I had to play this yesterday at a competition, and surprisingly, it’s the first time I’ve had to do it in public. It’s vile to play. Nowadays, if I’m faced with something like this, I go back to the orchestral score to see if there’s anyway I can make the job easier for myself, or better for the audience. Click here for my new version.
Siloti’s pianistic homage versus a workable ballet reduction
The first thing I noticed about the difference between the orchestration and Siloti’s arrangement is that while Siloti’s hovers up the top end of the piano within the span of two hands, in the orchestra, those left hand Gs are in fact octaves, an octave lower: forte bassoons, arco bass and cello. The cost of his accurate representation of detail in the flutes and clarinets is the loss of the off-beat chords played by oboes, cor anglais and three, sometimes four, horns.

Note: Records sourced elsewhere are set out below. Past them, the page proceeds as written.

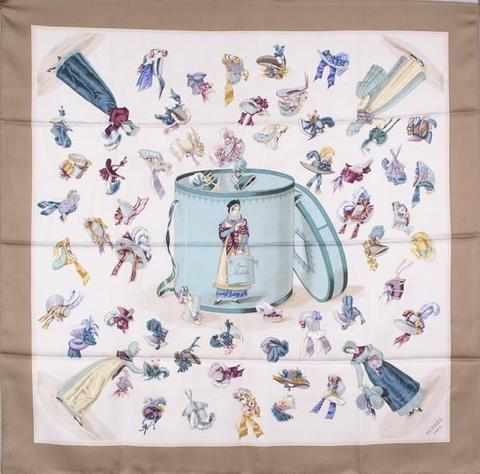A variation of the Hermès scarf `Paris modiste ` first edited in 1959 by `Hugo Grygkar`
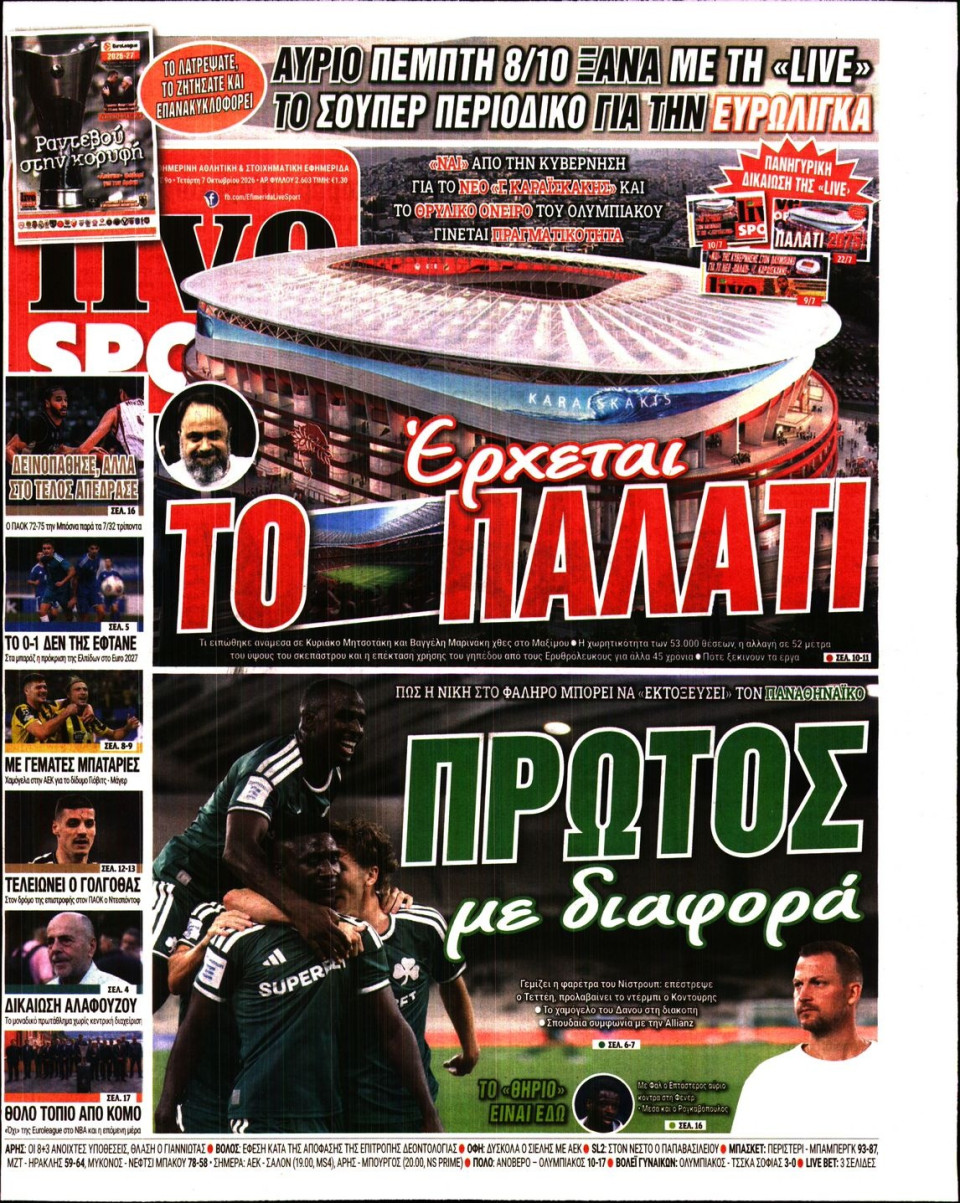 Πρωτοσέλιδο Εφημερίδας - LIVE SPORT - 2026-10-07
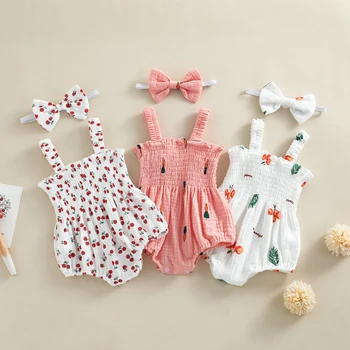 0-18 м Летняя одежда для маленьких девочек, Комбинезон без рукавов с принтом вишни/моркови/дерева, комбинезон для девочек, Модная одежда для младенцев, наряд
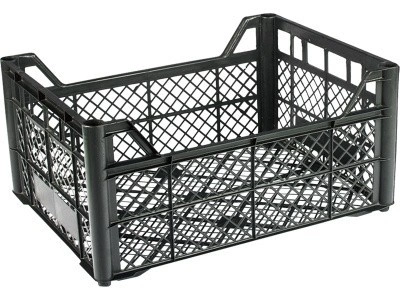 Ящик перфорированный 400×300×185, арт.: 103-1, объём 22.2, чёрный, код: 18364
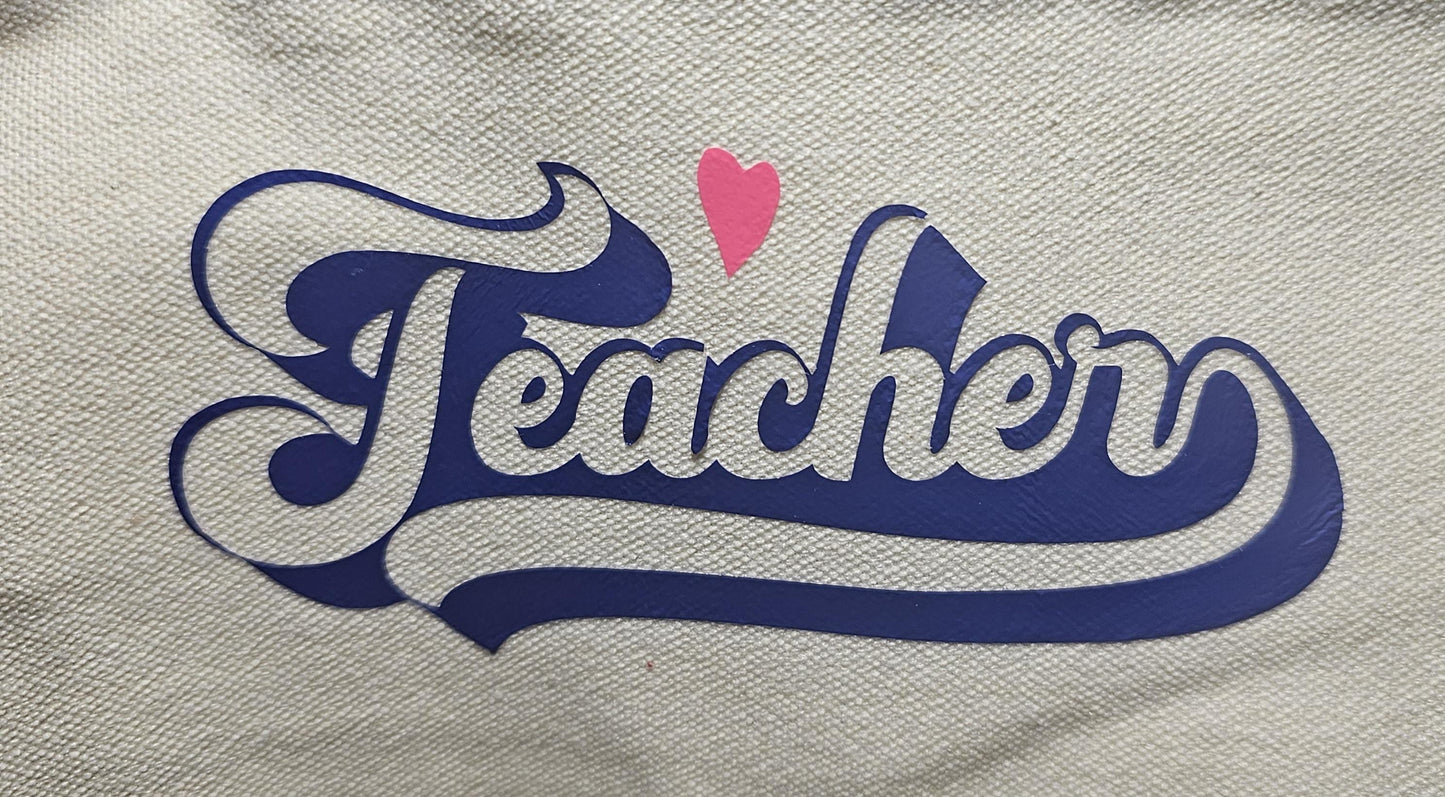 Teacher Pencil Case, Canvas, Teacher Pencil Pouch, Teacher Toiletry Bag, Teacher Gift,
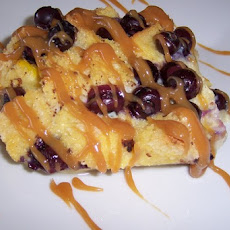 Blueberry Bread Pudding With Caramel Sauce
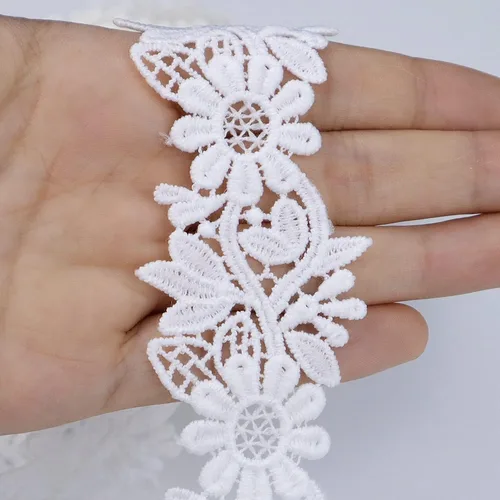 Miniatura 3 de Cinta de encaje blanco de 7 yardas para costura, manualidades, disfraces, vestidos, decoración del hogar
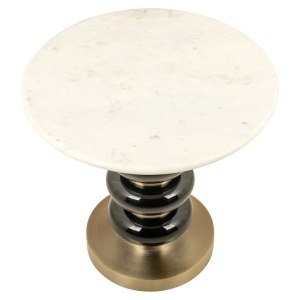 MASUTA DE CAFEA BOANN BLACK 46Ø, 825289, CONFECTIONATA DIN ALUMINIU, STICLA SI MARMURA DE BANSWARA, STIL MODERN - Img 2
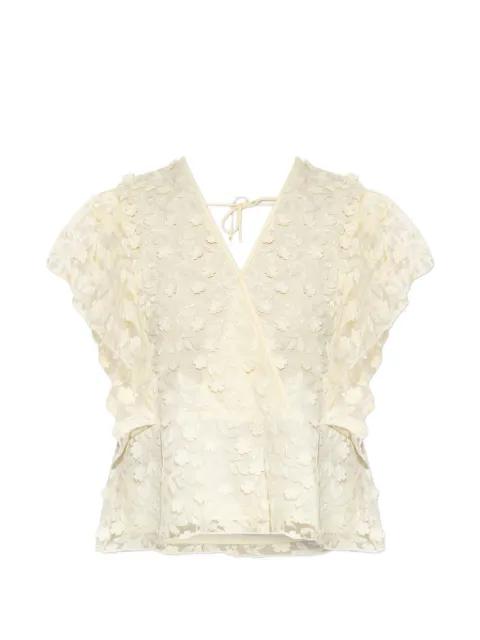 Blaine floral-embroidered top by MUNTHE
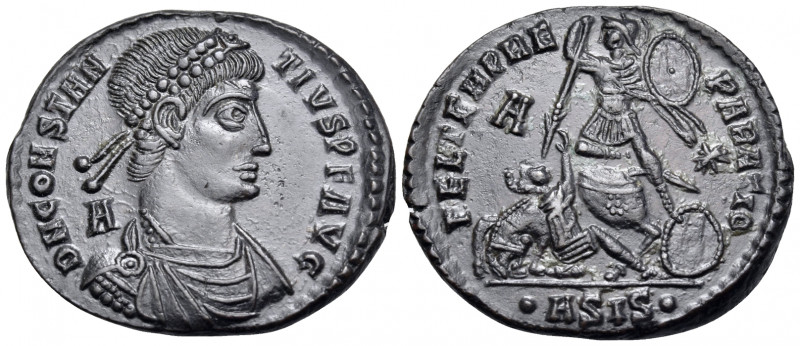 Constantius II, 337-361. Centenionalis (Bronze, 25 mm, 6.47 g, 12 h), Siscia, A ...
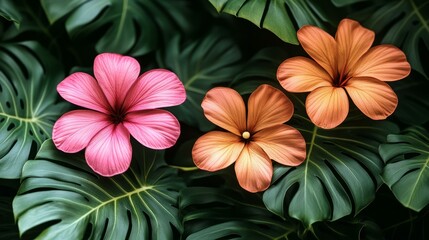 Fototapeta premium Tropical floral backdrop with vibrant hibiscus and lush monstera leaves, ideal for wallpaper or background design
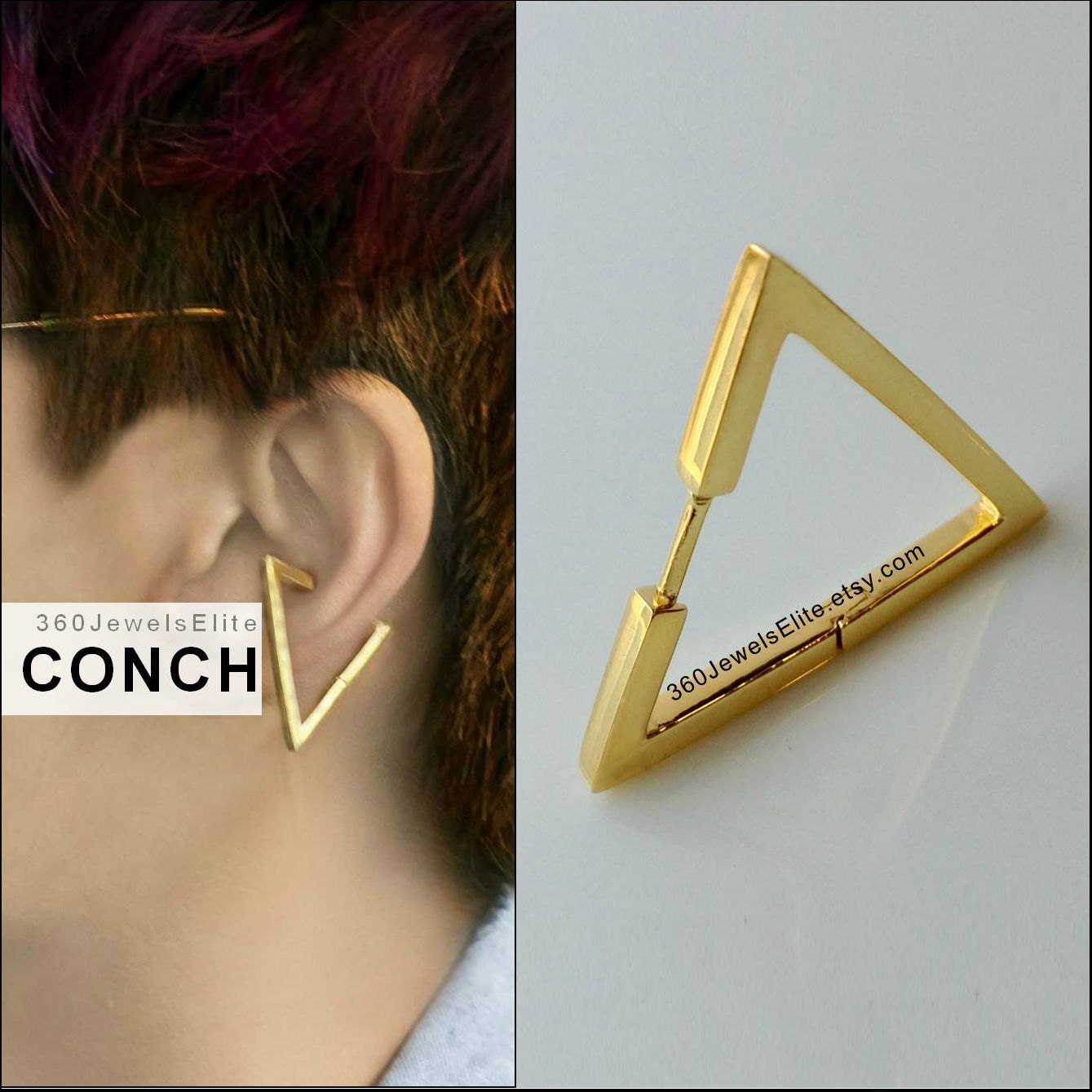 Gauge Conch Piercing Mens Earring Triangle Gold Plated over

Siloti’s transcription works both as a piano piece, and as a credit to what is most compositionally interesting about Tchaikovsky’s work here. But as the accompaniment to a variation, and for the dance accompanist, so help me God, it doesn’t work at all. You feel so utterly ungrounded, and so focused on the wrong things: to accompany a variation you first of all need a beat that is so strongly and safely grasped that if you need to change it, you can. Without it, it’s like trying to throw a pot with one hand; trying to steer your way out of a skid with only one hand on the wheel.
When I make arrangements like this, I do a constant accounting exercise: how much is lost if I take this out, how much gained? What’s the trade off between having a bass at the right pitch, and hearing the clarinet? I’m fairly convinced that you could get away with reducing it right down to the example on the left, and no-one would be any the wiser. Then it’s literally safein your hands, rather than your hands being preoccupied with precarious detail, and you can use the other hand to play the bass at the right pitch, or give an impression of the horn chords; give it some weight, some “floor” in the music.
Less is more—except when it’s not
Considering how many times pianists around the world have to play the Tchaikovsky ballets in rehearsals and at vocational schools, it’s astonishing that we are still stuck with the first piano reductions, with all their inadequacies and problems and unsuitabilities. To my knowledge, my version of the Black Swan variation is the first publicly available reduction of one of the most famous solos in the repertoire. We all struggle along in our corners, doing our own ill-informed thing, assuming the score is right or the best possible, and only thinking about alternatives when problems occur.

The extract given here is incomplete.